Joe podszedł z małą do niego.
- Cześć Carlos – powiedział. – Pamiętasz mnie?
Jego kolega milczał przez chwilę.
- Joe! – krzyknął i uśmiechnął się. – Kopę lat. Dalej ta sama robota?
- Tak. – odparł z uśmiechem – ale tym razem dołącza do nas ta mała.
Carlos kucnął i spojrzał małej w jej zielone oczy. Miała rude warkoczyki i była ubrana w niebieskie jeansy, adidasy i czerwony T- shirt.
- Cześć. Chcesz się nauczyć strzelać? – spytał.
Skinęła głową.
- W bardzo krótkim czasie potrafi rozłożyć i złożyć Glocka 19. – uśmiechnął się.
- Gratulacje – powiedział z entuzjazmem Carlos – wpiszcie się na liście obecności. – Podał im kartkę i długopis. Joe wpisał swoje imię, potem podał długopis Revy i ją podniósł. Mała również się podpisała.
Carlos z szuflady wyciągnął Glock 17, magnum 44, dwie pary dużych żółtych słuchawek i okulary.
- Okay, jesteście zabezpieczeni – powiedział – możemy iść na strzelnicę.
Poszli prosto korytarzem, potem skręcili w lewo. Carlos wpisał kod i po chwili otworzył drzwi. Zaświeciła się jarzeniówka, oświetlając miejsce. Pomieszczenie było obszerne. Było dziesięć boxów i przy każdej znajdowała się drewniana półeczka. Można tam było położyć pistolet. Na przeciw nich znajdował się obraz, na którym była namalowana karykatura faceta. Joe i Revy zajęli miejsca.
- Załóż słuchawki – powiedział.
Wykonała polecenie.
Podszedł do jej boksu i pokazał jak odbezpieczyć broń i jak ją załadować.
- Kapujesz? – upewnił się.
Mała skinęła głową.
- Trzymaj broń oburącz – powiedział – odrzut może być zbyt wielki.
Skinęła głową.
- Załóż okulary – powiedział.
Wykonała polecenie.
Teraz Joe mógł dopiero wrócić do swojego boxu. Zaczęli strzelać do celu. Ciszę zagłuszały strzały z dwóch różnych broni. Kiedy skończył im się magazynek, podeszli do obrazka i spojrzeli na nie. Revy nie bardzo była zorientowana na co patrzeć. Joe spojrzał na jej obrazek.

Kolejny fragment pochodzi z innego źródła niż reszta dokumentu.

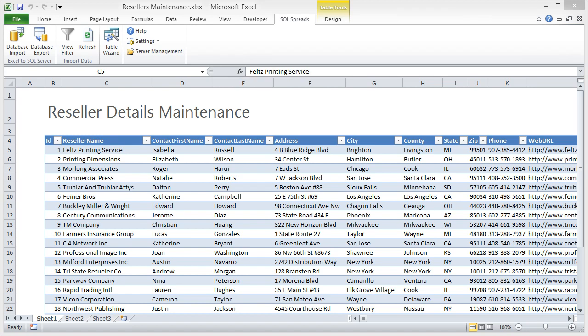Hi, this is Johannes. In this video, I'm going to show you how you and your colleagues can use an Excel workbook like this one to work with your data in SQL Server.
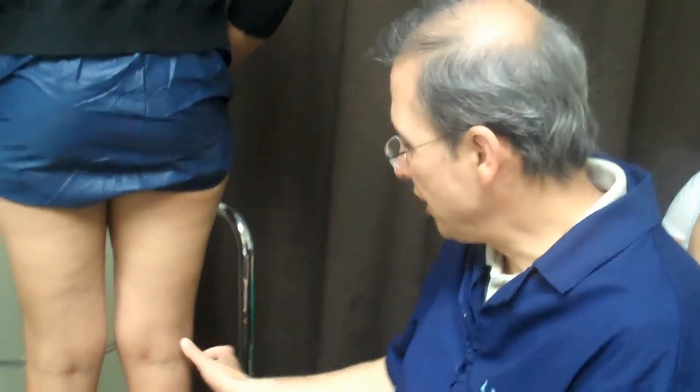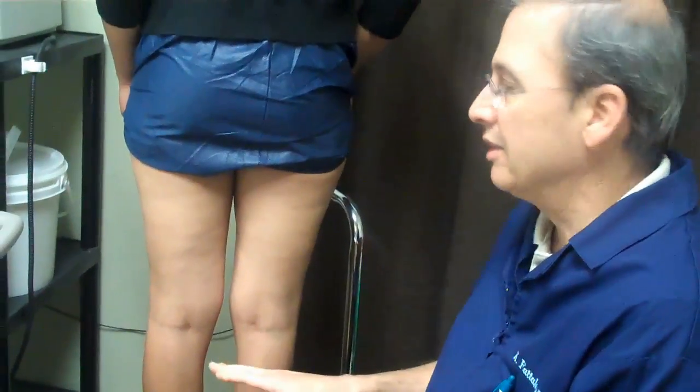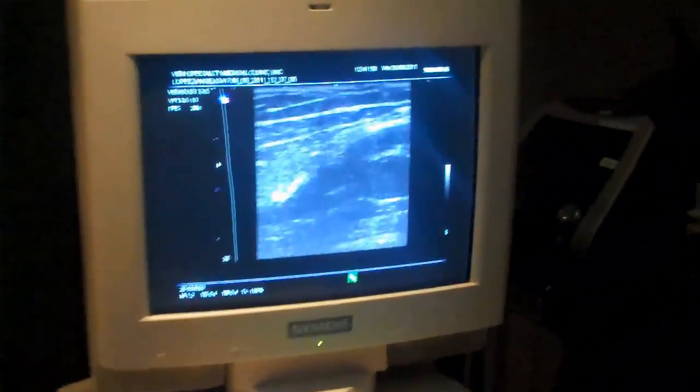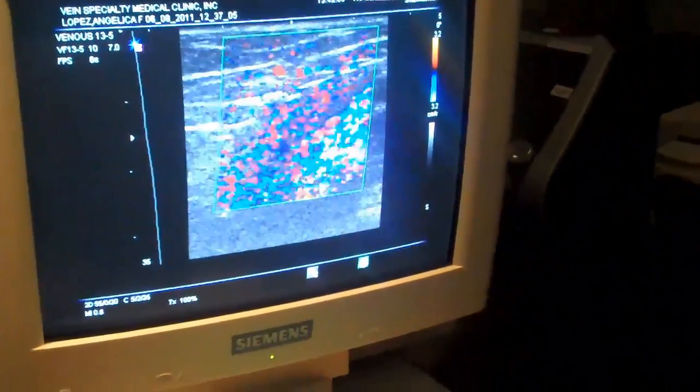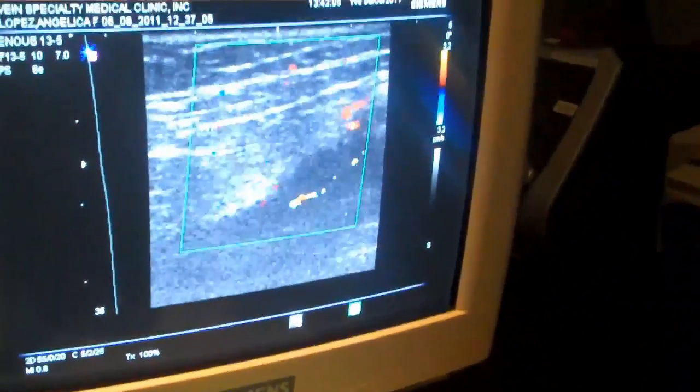Let me show you: this young lady has had three pregnancies and she has pain — a little bulgy vein — and pain along the lateral and posterior right calf with standing. The pain is really present when she lays down. So we're going to check with ultrasound and see what we find.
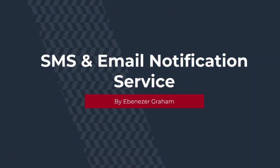Hello everybody, a warm welcome to this presentation. My name is Ebenezer Graham and I'm going to be talking about the notification microservice.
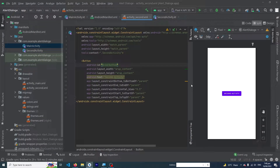Hey, what's up guys, welcome to FindGap YouTube channel. In today's video I'm going to show you how you can hide the action bar from all of your activities in your Android app, or from a specific activity. So let's start.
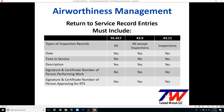Requirements for approval for return-to-service record entries are very similar between 91.417, 43.9, and 43.11. They all require the date of return to service, a description of work performed, and a signature and certificate number of the person performing the return-to-service record.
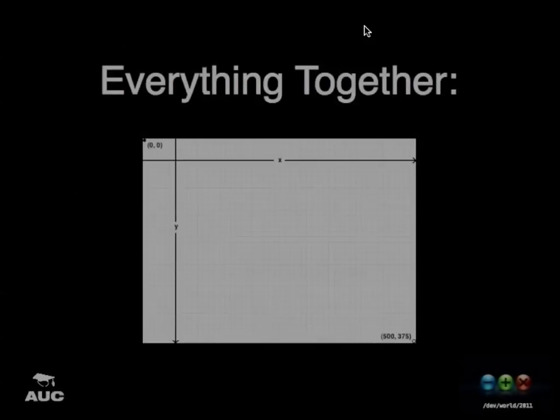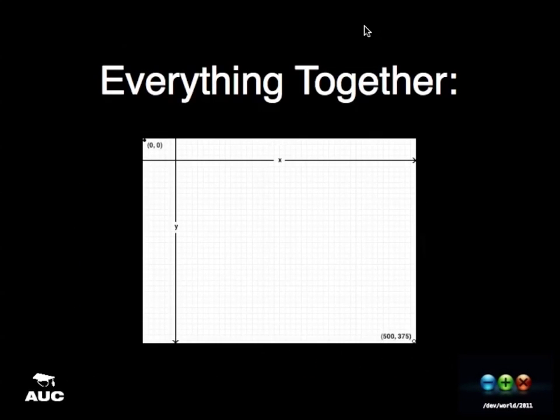Here's the result of everything put together. You can see the corners at the top left and the bottom right. We just drew a whole canvas coordinate system, and it was a piece of cake.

- Ty masz cela – powiedział – wszystkie pociski w głowę.
Revy uśmiechnęła się.
Wyszli ze strzelnicy i udali się do Carlosa. Ściągnęli słuchawki, okulary i oddali bronie.
- Jak poszło? – spytał.
- Mała ma dobrego cela – odparł – Wszystkie pociski w głowę.
Carlos się uśmiechnął i znowu poprosił o podpis. Joe na pożegnanie wymienił z nim uścisk dłoni, a Revy mu machnęła. Wsiedli do samochodu.
- Jestem z ciebie dumny, Revy – powiedział, kładąc dłoń na jej ramieniu.
Revy spojrzała na Joey'a.
- Mam prośbę – powiedziała.
- Jaką? - skręcił w lewo na światłach i zatrzymał się, ponieważ było czerwone.
- Muszę kogoś posłać do piachu – odparła, patrząc przed siebie.
Joe spojrzał na małą i zmarszczył brwi.